Alfredo Alcón fue otro revolucionario, quien logró tomar las herramientas de su arte, la actuación, para hacerlas propias y como resultado mostrarle a la sociedad algo vivo, verdadero y transparente.

DE LA LIBERTAD A LA VERDAD

Esta ficción verdadera que creaban García Márquez mediante su obra literaria y trabajo periodístico, y Alcón mediante la interpretación de sus personajes tiene una condición sin ecuanon, ser libre.

La libertad no se obtiene mediante un “ciego libre albedrío, sino…que la libertad de creación en el arte se da justamente cuando el artista ha aprendido los límites de la materia y de las herramientas que utiliza, cuando conoce su técnica. Tan sólo entonces nace la verdadera libertad creadora ”. Tanto García Márquez como Alfredo Alcón tenían un excelente manejo de las herramientas con las que debían trabajar, y eso les permitió ser libres creadores, y crear verdad.

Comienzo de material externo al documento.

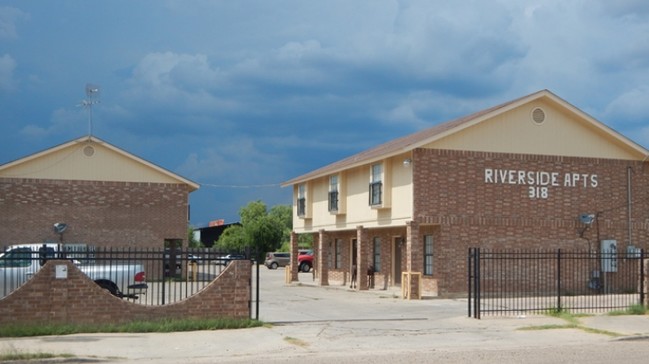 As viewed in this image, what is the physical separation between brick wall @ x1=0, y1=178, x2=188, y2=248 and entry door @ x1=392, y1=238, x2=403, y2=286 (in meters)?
12.2

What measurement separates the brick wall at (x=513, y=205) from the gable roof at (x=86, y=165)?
16.1 m

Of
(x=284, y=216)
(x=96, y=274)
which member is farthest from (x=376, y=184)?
(x=284, y=216)

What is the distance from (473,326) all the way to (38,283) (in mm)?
9570

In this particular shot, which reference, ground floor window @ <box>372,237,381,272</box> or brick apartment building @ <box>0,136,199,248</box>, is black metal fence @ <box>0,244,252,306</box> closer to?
ground floor window @ <box>372,237,381,272</box>

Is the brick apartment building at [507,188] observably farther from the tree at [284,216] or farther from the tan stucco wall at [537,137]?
the tree at [284,216]

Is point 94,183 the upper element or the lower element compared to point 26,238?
upper

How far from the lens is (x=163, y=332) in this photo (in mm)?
16875

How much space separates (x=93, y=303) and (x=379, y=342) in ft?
19.6

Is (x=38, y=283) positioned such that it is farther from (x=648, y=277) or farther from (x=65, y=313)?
(x=648, y=277)

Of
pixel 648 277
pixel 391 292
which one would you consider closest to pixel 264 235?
pixel 391 292

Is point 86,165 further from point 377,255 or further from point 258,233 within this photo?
point 258,233

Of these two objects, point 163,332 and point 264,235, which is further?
point 264,235

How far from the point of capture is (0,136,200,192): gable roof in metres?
38.0

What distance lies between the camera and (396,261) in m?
33.2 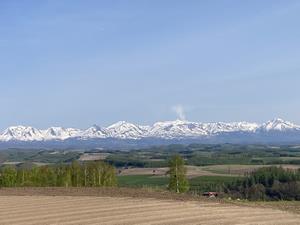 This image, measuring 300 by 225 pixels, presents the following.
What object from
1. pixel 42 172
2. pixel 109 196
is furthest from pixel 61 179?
pixel 109 196

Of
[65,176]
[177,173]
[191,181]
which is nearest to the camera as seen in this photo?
[177,173]

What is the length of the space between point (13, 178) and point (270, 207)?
4207 centimetres

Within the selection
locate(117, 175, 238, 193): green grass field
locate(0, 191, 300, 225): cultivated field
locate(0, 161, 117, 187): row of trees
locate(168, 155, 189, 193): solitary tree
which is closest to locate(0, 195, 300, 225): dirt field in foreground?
locate(0, 191, 300, 225): cultivated field

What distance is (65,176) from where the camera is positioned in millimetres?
65875

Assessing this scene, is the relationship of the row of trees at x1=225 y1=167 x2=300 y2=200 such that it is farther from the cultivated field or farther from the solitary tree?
the cultivated field

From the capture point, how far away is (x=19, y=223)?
2625cm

Muchos pensadores del siglo XX consideraban que el arte tiene una función social. Theodor Adorno consideraba que su función es mostrar otra realidad posible, negando la existente. Al postular la existencia de aquello que en el mundo empírico no existe, cuestiona el hecho de que no exista. Promete lo que no existe y formula la exigencia de eso, que por el hecho de aparecer, tiene que ser posible y real.

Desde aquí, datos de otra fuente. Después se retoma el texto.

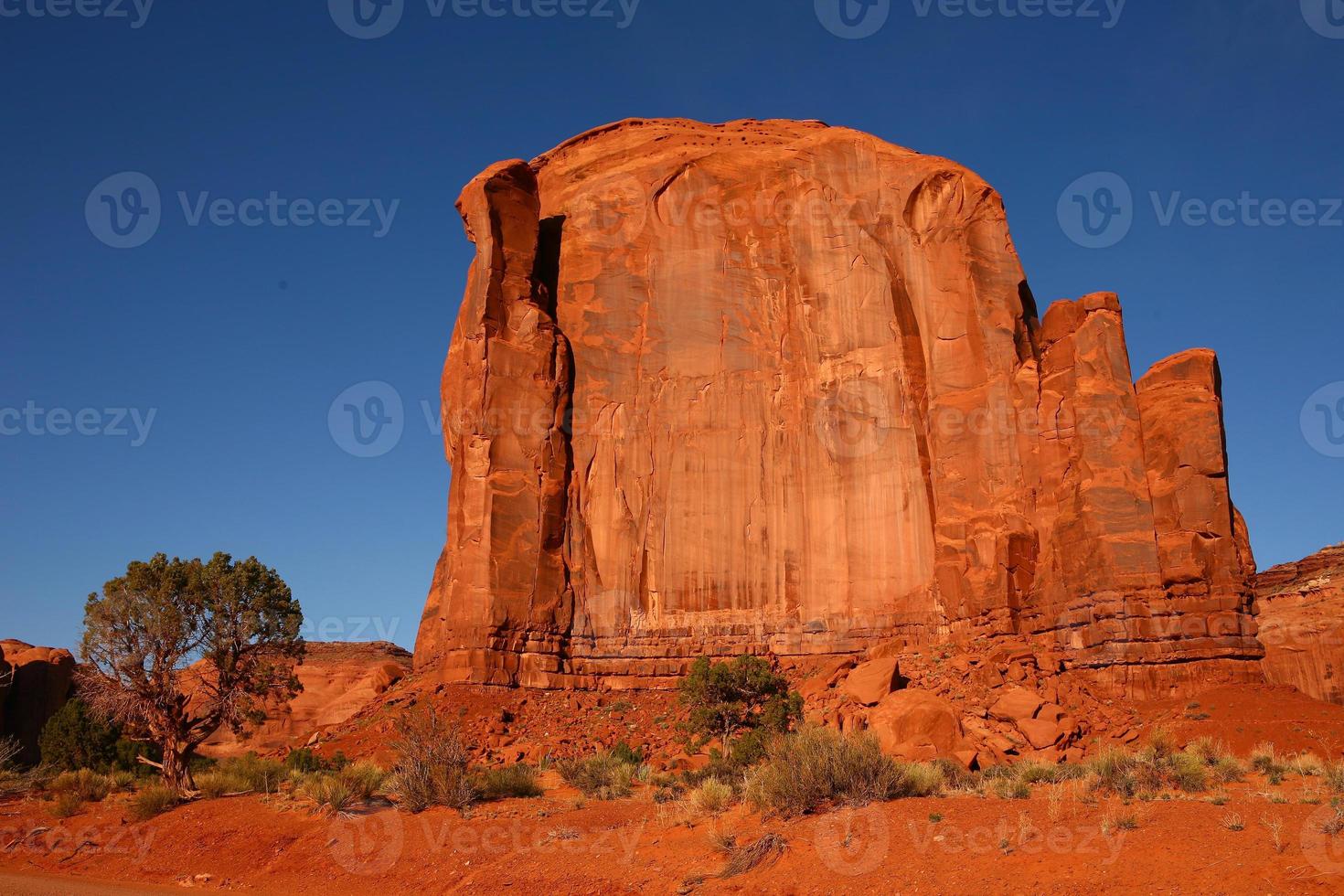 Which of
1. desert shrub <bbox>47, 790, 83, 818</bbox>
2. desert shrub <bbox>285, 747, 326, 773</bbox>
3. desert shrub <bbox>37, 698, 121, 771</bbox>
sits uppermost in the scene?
desert shrub <bbox>37, 698, 121, 771</bbox>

Tanto García Márquez como Alcón han cumplido con la expectativa de Adorno. Nos han mostrado un mundo con libertad de creación, donde la subjetividad del sujeto es lo que le da valor a la obra, y en donde las subjetividades crean verdad. Por ende se plantea un mundo donde la diversidad crea, la diversidad construye, y ahora está en nosotros llevar al plano social esta realidad posible que encontramos en la obra de Gabo y de Alcón.